The interviews coming out of this project will also be used as educational material for Professor Alvarez-Blanco’s newly developing class tentatively titled “Collective Responses to the ecological, economic existential and social Crises in Contemporary Spain.” Students in this class will expand on these interviews by Skyping with the people that are now part of this Constellation of the Commons, and we will also look for similar projects here in the United States. Professor Alvarez-Blanco states that “the content of this tool could be useful to students and professors in departments such as Political Science, Sociology, Anthropology, Economics, Film and Media Studies, Women and Gender Studies and Environmental Studies. It could also serve as a model for discussions on collaborative research, digital scholarship and digital ethics.”
This project connects to Professor Alvarez-Blanco’s personal scholarship as much as with the community and her students. Moreover, she is the co-founder and president of ALCES XXI, an international platform that was born out of the desire to reclaim and further develop the practice of reflexive, open, plural, and interdisciplinary criticism in the educational and cultural fields. ALCES XXI is collective of educators, social activists and cultural agents committed to the creation and promotion of spaces for collaboration and dialogue. One of their main goals is to create spaces and new venues that promote debate and discussion, as well as opportunities for professional development and training, among members. In line with this goal, Professor Alvarez-Blanco’s work will ultimately create a new tool for professional organizations, community organizers, educators, and activists on an international scale.

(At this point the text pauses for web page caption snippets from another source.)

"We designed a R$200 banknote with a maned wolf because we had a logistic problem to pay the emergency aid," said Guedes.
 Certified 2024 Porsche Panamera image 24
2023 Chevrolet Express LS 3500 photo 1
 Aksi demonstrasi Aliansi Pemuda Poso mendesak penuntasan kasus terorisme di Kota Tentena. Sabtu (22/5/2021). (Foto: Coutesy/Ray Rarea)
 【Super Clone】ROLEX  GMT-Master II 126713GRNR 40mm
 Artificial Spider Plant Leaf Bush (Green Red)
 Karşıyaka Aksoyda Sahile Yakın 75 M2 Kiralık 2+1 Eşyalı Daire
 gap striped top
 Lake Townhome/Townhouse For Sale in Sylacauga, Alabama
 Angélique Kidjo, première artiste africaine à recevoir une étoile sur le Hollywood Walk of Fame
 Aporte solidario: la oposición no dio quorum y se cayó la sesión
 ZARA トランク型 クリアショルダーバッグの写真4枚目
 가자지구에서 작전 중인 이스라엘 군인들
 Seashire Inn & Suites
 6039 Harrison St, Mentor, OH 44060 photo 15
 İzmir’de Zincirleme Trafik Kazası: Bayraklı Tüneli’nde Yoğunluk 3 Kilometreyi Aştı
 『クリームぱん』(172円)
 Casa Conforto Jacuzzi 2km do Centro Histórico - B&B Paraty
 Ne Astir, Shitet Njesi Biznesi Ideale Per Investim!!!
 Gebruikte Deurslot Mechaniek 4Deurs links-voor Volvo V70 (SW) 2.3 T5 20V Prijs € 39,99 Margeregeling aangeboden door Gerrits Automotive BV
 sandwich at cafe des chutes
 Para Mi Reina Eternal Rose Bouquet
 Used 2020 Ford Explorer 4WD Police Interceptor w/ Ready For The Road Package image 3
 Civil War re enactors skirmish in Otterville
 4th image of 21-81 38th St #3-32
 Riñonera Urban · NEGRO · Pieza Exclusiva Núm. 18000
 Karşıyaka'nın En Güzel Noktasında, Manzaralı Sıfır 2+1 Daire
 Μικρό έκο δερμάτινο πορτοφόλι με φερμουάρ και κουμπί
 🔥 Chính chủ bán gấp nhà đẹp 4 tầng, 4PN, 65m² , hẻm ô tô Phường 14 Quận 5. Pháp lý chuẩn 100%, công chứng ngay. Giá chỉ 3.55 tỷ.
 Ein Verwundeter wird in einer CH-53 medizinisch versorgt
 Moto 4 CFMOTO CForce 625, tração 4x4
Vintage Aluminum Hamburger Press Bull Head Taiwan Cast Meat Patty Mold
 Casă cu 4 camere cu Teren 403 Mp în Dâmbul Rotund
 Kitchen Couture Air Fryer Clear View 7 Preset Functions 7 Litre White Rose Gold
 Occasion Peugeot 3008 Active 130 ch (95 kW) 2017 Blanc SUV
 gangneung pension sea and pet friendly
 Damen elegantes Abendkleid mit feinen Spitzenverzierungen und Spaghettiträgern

“I felt that my contribution could entail making the research tools and resources that I have access to as a professor available to the collectives that are working to promote and defend the common good,” she explains. “I suppose that with this project I’ve tried to support the process of social, political and economic transformation.” When asked about her own definition of Public Works and public scholarship, she responded: “the ‘Constellation of the Commons’ symbolizes what I understand as public scholarship. It embodies a rich array of alternatives to the current state of affairs in contemporary Spanish society. It offers testimonies of a variety of creative answers in the form of practical tools that allow people to approach problems from a range of perspectives.” Not only will people participating in grassroots movements in Spain have access to this material, but so will anyone interested in the experiences, references, and models that embody grassroots education. In that regard, Professor Alvarez-Blanco’s project is intrinsically tied to communities abroad and at home.